Justin Morneau set to enter Twins' Hall of Fame: 'It’s very special and humbling'

Former Minnesota Twins star Justin Morneau will be inducted into the team's Hall of Fame Saturday ahead of a game against the Toronto Blue Jays. (Darren Calabrese/CP)

MINNEAPOLIS -- The first time Justin Morneau ever visited Minneapolis, he was a 14- or 15-year-old kid about to play in a hockey tournament.

At the time, the New Westminster, B.C., native hoped to play in the NHL -- and had even taken a year off from his second-favourite sport, baseball, in the hopes of making his hockey dreams a reality.

“I never would have imagined playing for the Minnesota Twins,” Morneau recalled.

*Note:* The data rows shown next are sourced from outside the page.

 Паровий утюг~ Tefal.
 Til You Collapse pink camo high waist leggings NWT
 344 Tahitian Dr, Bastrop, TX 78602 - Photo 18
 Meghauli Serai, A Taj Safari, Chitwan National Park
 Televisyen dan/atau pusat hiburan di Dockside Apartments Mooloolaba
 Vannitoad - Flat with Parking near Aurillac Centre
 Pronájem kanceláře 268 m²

Twenty-five years later, Morneau is about to enter the franchise’s Hall of Fame after a 14-year big-league career that included 11 seasons with the Twins. A four-time all-star in Minnesota, Morneau won the 2006 MVP and helped the Twins reach the playoffs five times during his tenure.

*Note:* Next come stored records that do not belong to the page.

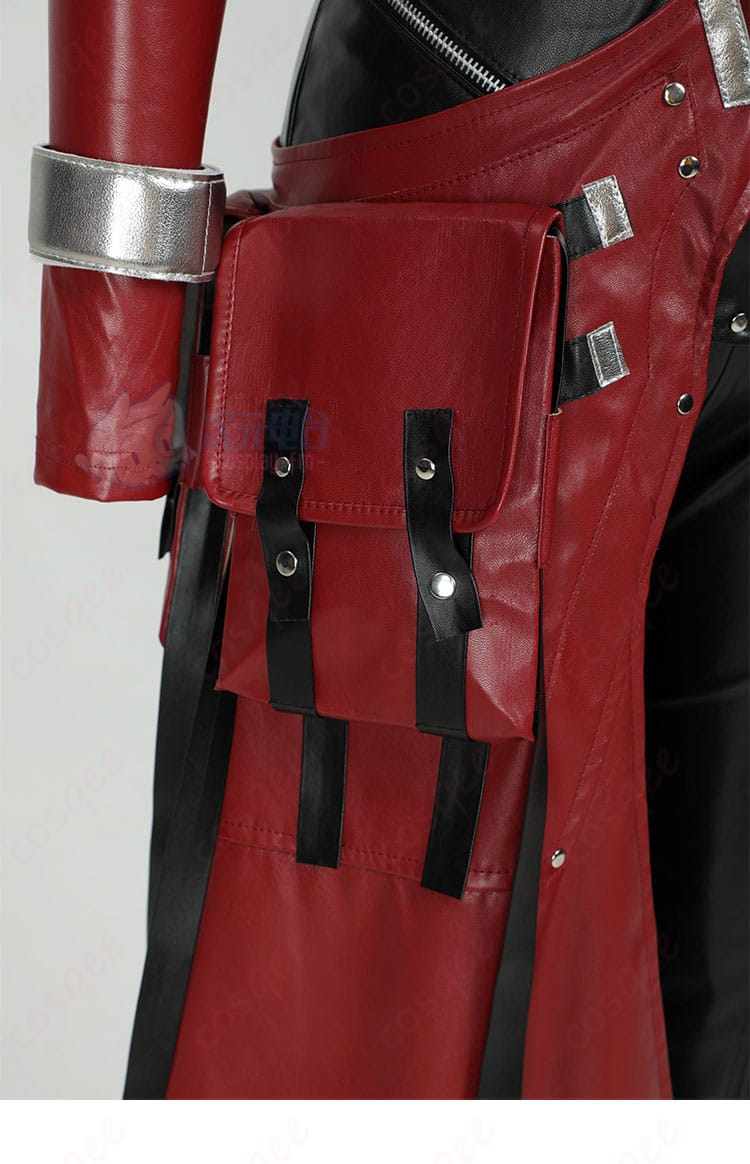 エアリス・ゲインズブール コスプレ衣装の腰間部分、装飾がさらにキャラクターを引き立てる。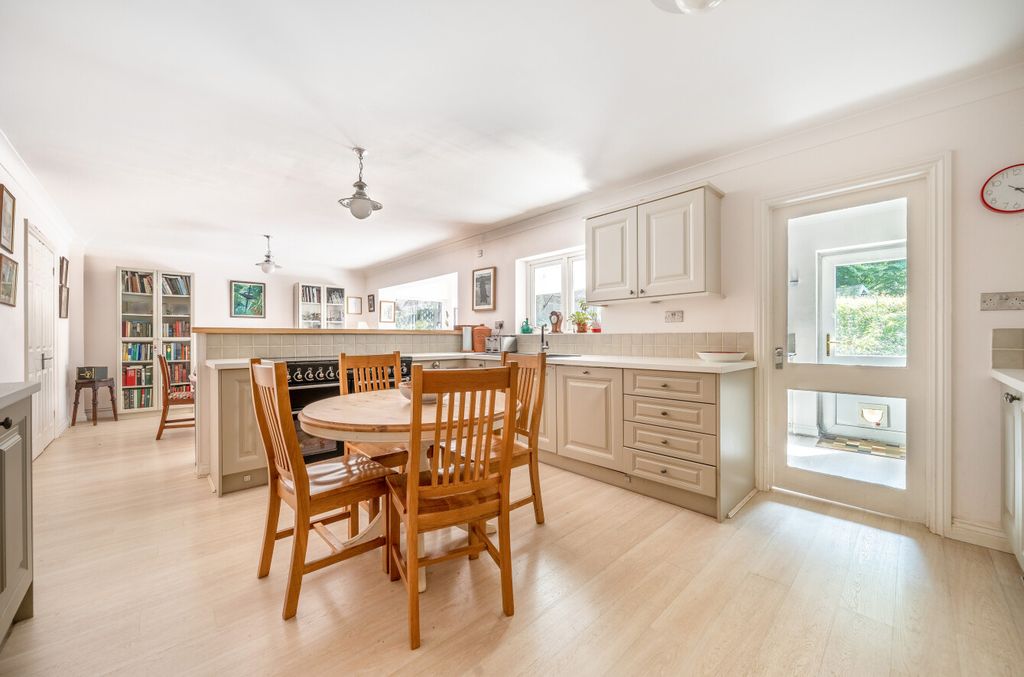 Property photo 3 of 19 Kitchen/Dining Room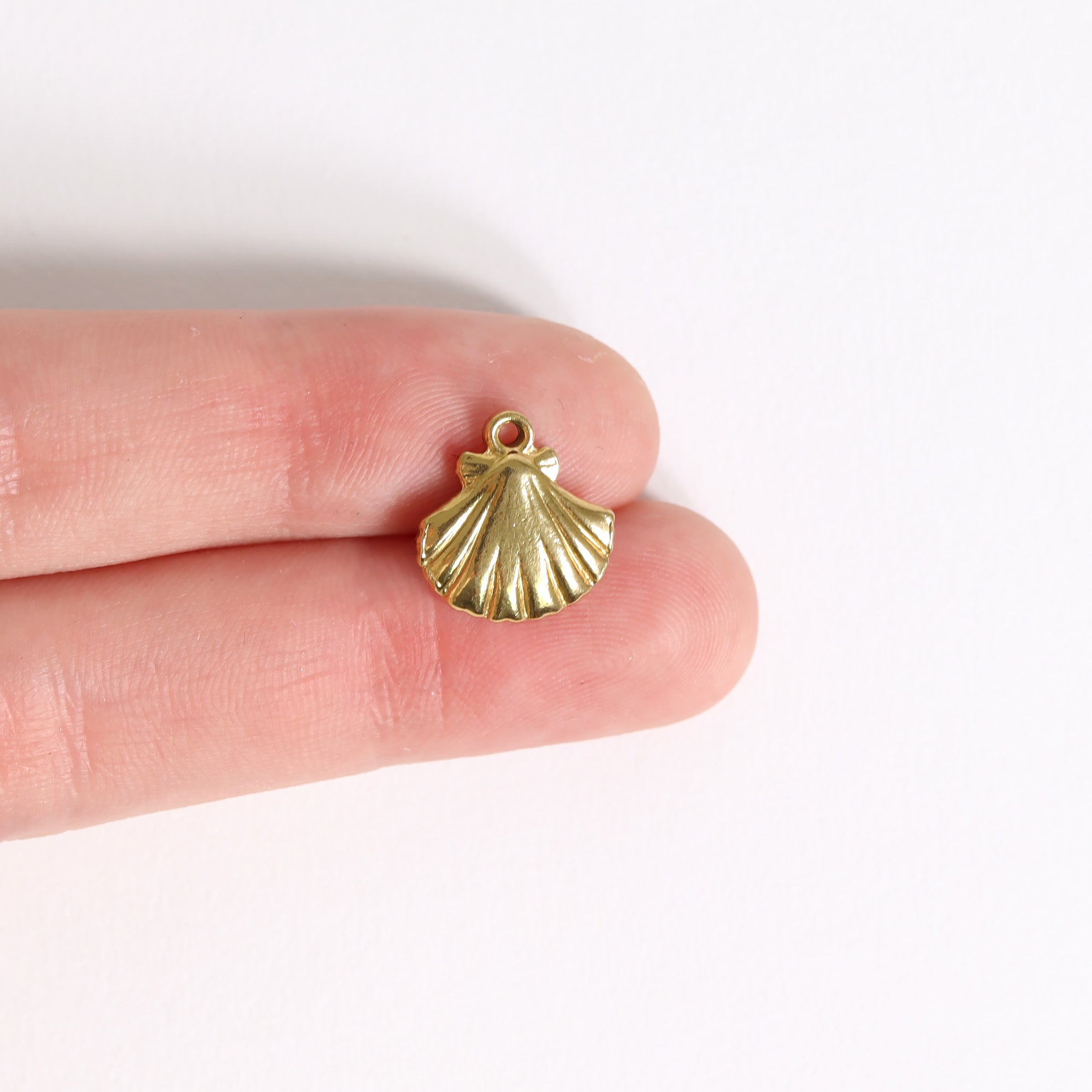 18K Gold PVD Stainless Steel Clam Shell Charm / PDL0097、mySite、dreamappss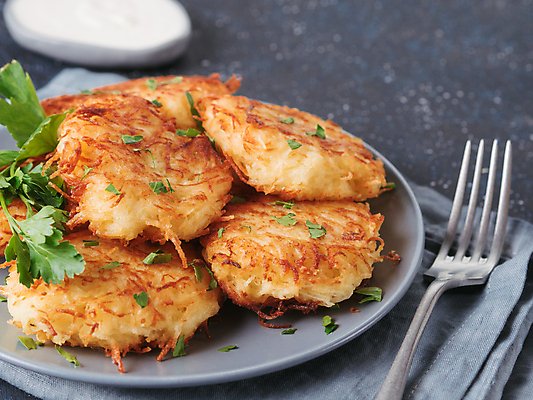 포토 JPG 해외이미지 접시 음식 채소 탁자 감자 파슬리 건강 요리 사람없음 식당 튀김 신선 굽기 크림 채식 팬케이크 카피스페이스 해외202105 해외포토 식기 가구 케이크 상점 공백 구이 파일형식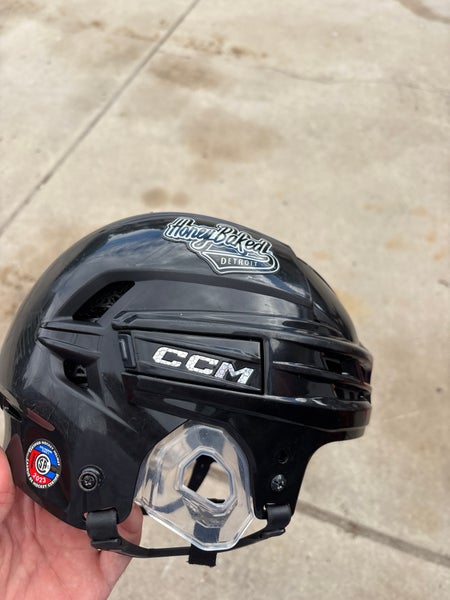 Large CCM Super Tacks X Helmet (Used)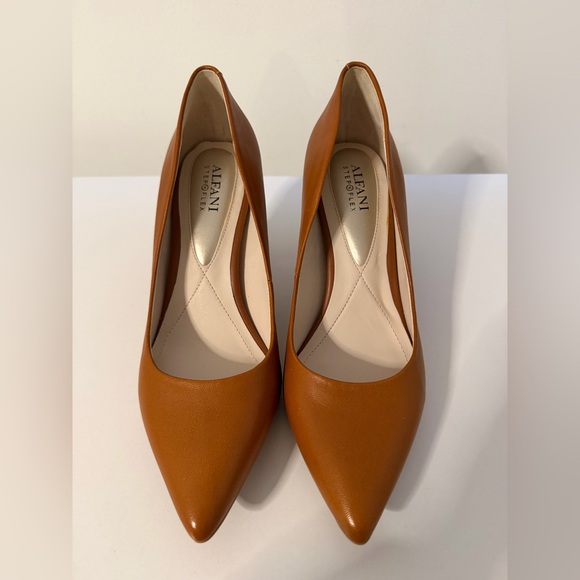 Alfani Size 7.5 Step ‘N Flex Pointed-Toe Pumps - Cognac Tan - Picture 3 of 16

Speaking before Friday’s game behind home plate at Target Field, Morneau expressed gratitude for the opportunities earned and relationships developed over the course of the two-plus decades he’s been linked to the Twins franchise.

“You never dream for a moment like this,” Morneau told the assembled media. “You just dream for one day in the big leagues and to cap it all off in the end with something like this, it’s something surreal.”

“This is a franchise with a long, proud history of some great players,” he continued. “Lots of numbers retired up on the wall. Lots of National Baseball Hall of Famers, so to be in a Hall of Fame with Rod Carew, Bert Blyleven, Harmon Killebrew and Kirby Puckett? You think about the list of the greatest Twins in history and it’s very special and humbling.”

Back in 1999, it would have taken a particularly optimistic observer to believe that the Canadian catcher selected in the third round would go on to hit 247 career home runs in the big leagues while batting .281/.348/.481. Nor did Morneau fully grasp the history of the Twins, two-time World Series winners in 1987 and 1991. After all, he’d grown up a Blue Jays fan.

“I really didn’t know a whole lot about it, but I got down (to spring training in Fort Myers) and start to learn the history. You start to learn about all of the great players and the World Series,” he said. “And then I learned the game the way I believe it should be played.”

Longtime Twins managers Tom Kelly and Ron Gardenhire were instrumental in turning Morneau from the raw catching prospect Minnesota drafted into the defensively sound first baseman who won two Silver Sluggers and a batting title.

In fact, the Twins’ success drafting and developing players allowed them to surround Morneau with plenty of other all-stars, overcome their small-market status and contend year-in and year-out. While early playoff exits have too often been the norm in Minnesota, Morneau played with some talented teammates -- many of whom will be there Saturday to celebrate his induction.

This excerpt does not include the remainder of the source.